Paris et Rome souhaitaient conclure avant le départ en janvier du président italien Sergio Mattarella, qui arrive au bout de son septennat, et avant la déclaration de candidature du chef de l’Etat français à sa réélection.
Selon l’Elysée, ce traité « favorisera la convergence des positions françaises et italiennes, ainsi que la coordination des deux pays en matière de politique européenne et étrangère, de sécurité et de défense, de politique migratoire, d’économie, d’enseignement, de recherche, de culture et de coopération transfrontalière ».
Par ailleurs, le geste aura « une valeur symbolique importante » dans un contexte instable en Europe, après le Brexit et la transition politique en Allemagne, note une source gouvernementale italienne.
« Il y a une véritable entente entre Mario Draghi et Emmanuel Macron.
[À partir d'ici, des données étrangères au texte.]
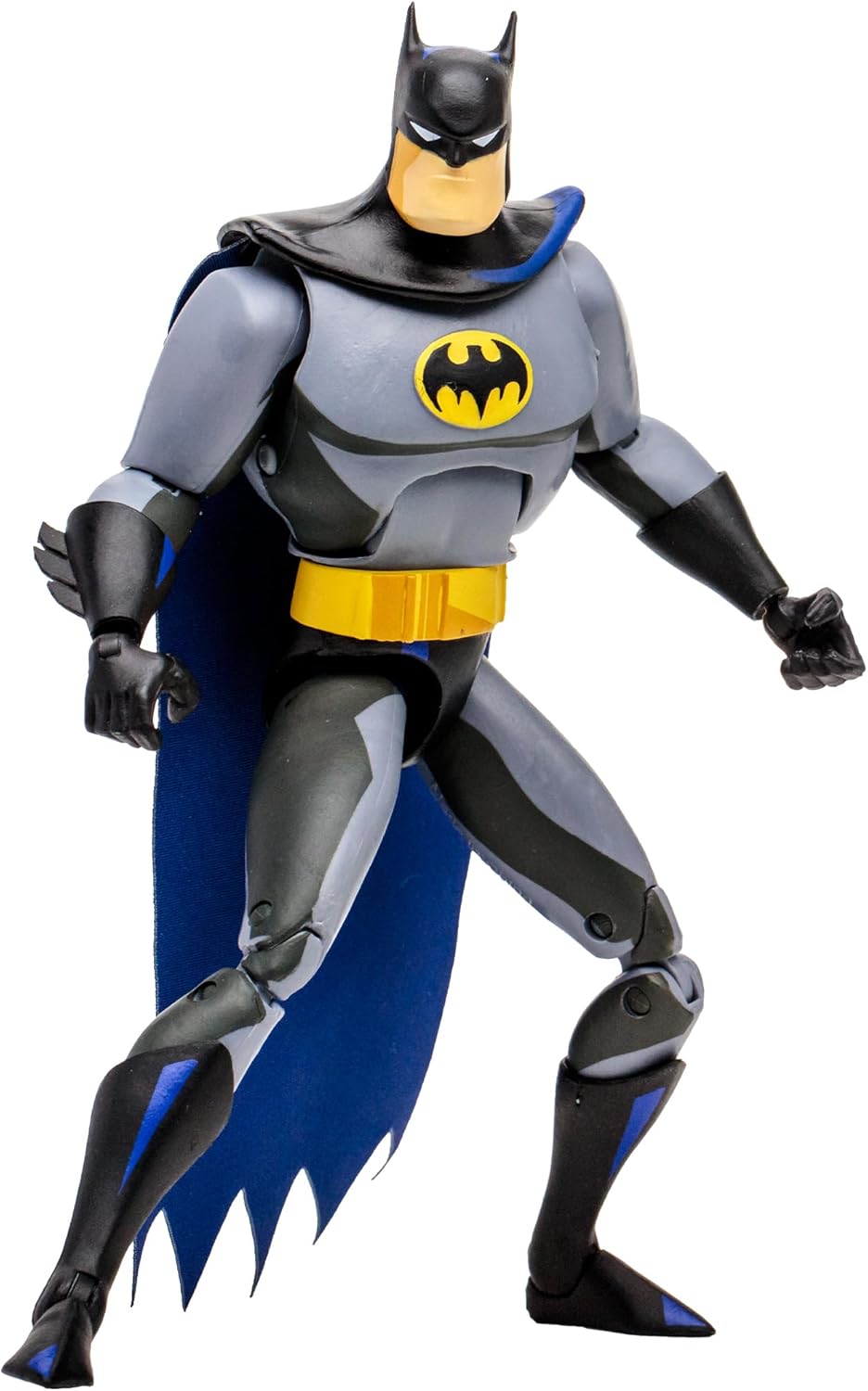 McFarlane Toys Batman The Animated Series Batman Build a figure de Condiment King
Il faut profiter de cette fenêtre d’opportunité pour structurer la relation », analyse pour l’AFP Sandro Gozi, un des promoteurs de ce traité, secrétaire d’Etat italien aux Affaires européennes entre 2014 et 2018.
Baptisé du nom du palais de la Présidence de la République italienne à Rome, ancienne résidence des papes et des rois d’Italie, ce « traité du Quirinal » avait été annoncé en 2017 pour donner « un cadre plus stable et ambitieux » à la coopération franco-italienne.
Sa signature intervient sur fond de turbulences en Europe, avec le Brexit consommé, la passation de pouvoir entre Angela Merkel et Olaf Scholtz et les tensions entre Bruxelles et certaines capitales d’Europe de l’Est sur le respect des valeurs fondamentales de l’UE.
Dissiper les malentendus
Concrètement, le traité, dont on ne connaît pas encore le contenu précis, instaure ou intensifie entre les deux puissances latines et méditerranéennes des coopérations renforcées dans des domaines aussi divers que la recherche, la production, l’enseignement des langues, la défense et le numérique. Il prévoit surtout de se parler pour éviter les malentendus.
« Il faut qu’Italiens et Français fassent l’effort de mieux se connaître et se comprendre. On reste souvent à des images superficielles, pas des préjugés mais des perceptions parfois positives et parfois négatives. On a besoin d’un mécanisme de dialogue régulier », analyse Sandro Gozi.
Car en Italie, 3ème économie de la zone euro derrière l’Allemagne et la France, certains craignent ce voisin parfois perçu comme trop gourmand dans les projets de fusion ou de rapprochement industriels.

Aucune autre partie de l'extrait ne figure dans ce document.